--- Entries supplied Enclosed Below ---

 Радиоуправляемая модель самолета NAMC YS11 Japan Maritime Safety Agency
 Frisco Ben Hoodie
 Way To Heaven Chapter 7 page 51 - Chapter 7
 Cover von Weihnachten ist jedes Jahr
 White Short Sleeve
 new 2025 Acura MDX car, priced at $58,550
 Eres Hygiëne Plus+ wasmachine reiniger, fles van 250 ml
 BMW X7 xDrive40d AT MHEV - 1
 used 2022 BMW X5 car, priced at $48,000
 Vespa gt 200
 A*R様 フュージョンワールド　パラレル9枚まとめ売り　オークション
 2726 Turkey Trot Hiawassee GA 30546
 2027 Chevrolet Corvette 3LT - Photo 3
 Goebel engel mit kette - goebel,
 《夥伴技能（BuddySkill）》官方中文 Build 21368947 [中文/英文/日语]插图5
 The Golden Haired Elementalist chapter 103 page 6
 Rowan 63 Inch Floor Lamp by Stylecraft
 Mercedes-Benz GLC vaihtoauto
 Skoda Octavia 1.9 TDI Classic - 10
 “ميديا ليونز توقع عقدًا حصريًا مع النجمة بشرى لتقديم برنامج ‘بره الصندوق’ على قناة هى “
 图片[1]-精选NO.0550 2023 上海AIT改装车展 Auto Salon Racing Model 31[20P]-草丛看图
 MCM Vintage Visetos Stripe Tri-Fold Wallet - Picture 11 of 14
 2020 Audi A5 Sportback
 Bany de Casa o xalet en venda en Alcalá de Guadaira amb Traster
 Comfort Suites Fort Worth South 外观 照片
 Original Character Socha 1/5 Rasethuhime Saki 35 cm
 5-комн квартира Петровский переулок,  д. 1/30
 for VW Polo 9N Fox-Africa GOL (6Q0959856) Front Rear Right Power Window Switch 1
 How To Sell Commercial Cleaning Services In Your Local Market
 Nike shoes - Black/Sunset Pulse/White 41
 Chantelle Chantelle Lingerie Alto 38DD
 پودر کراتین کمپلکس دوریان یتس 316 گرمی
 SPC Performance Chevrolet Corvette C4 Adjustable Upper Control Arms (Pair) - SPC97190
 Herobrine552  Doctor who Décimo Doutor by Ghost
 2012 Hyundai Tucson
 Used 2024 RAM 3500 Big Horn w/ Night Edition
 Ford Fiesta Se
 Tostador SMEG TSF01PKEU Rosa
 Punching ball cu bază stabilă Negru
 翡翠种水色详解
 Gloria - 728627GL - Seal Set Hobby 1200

--- End of Enclosed Entries supplied ---

Copy, please, exactly the lines that start at the first line of the data and end at the line containing "A*R様 フュージョンワールド　パラレル9枚まとめ売り　オークション", both kept and no others.

 Радиоуправляемая модель самолета NAMC YS11 Japan Maritime Safety Agency
 Frisco Ben Hoodie
 Way To Heaven Chapter 7 page 51 - Chapter 7
 Cover von Weihnachten ist jedes Jahr
 White Short Sleeve
 new 2025 Acura MDX car, priced at $58,550
 Eres Hygiëne Plus+ wasmachine reiniger, fles van 250 ml
 BMW X7 xDrive40d AT MHEV - 1
 used 2022 BMW X5 car, priced at $48,000
 Vespa gt 200
 A*R様 フュージョンワールド　パラレル9枚まとめ売り　オークション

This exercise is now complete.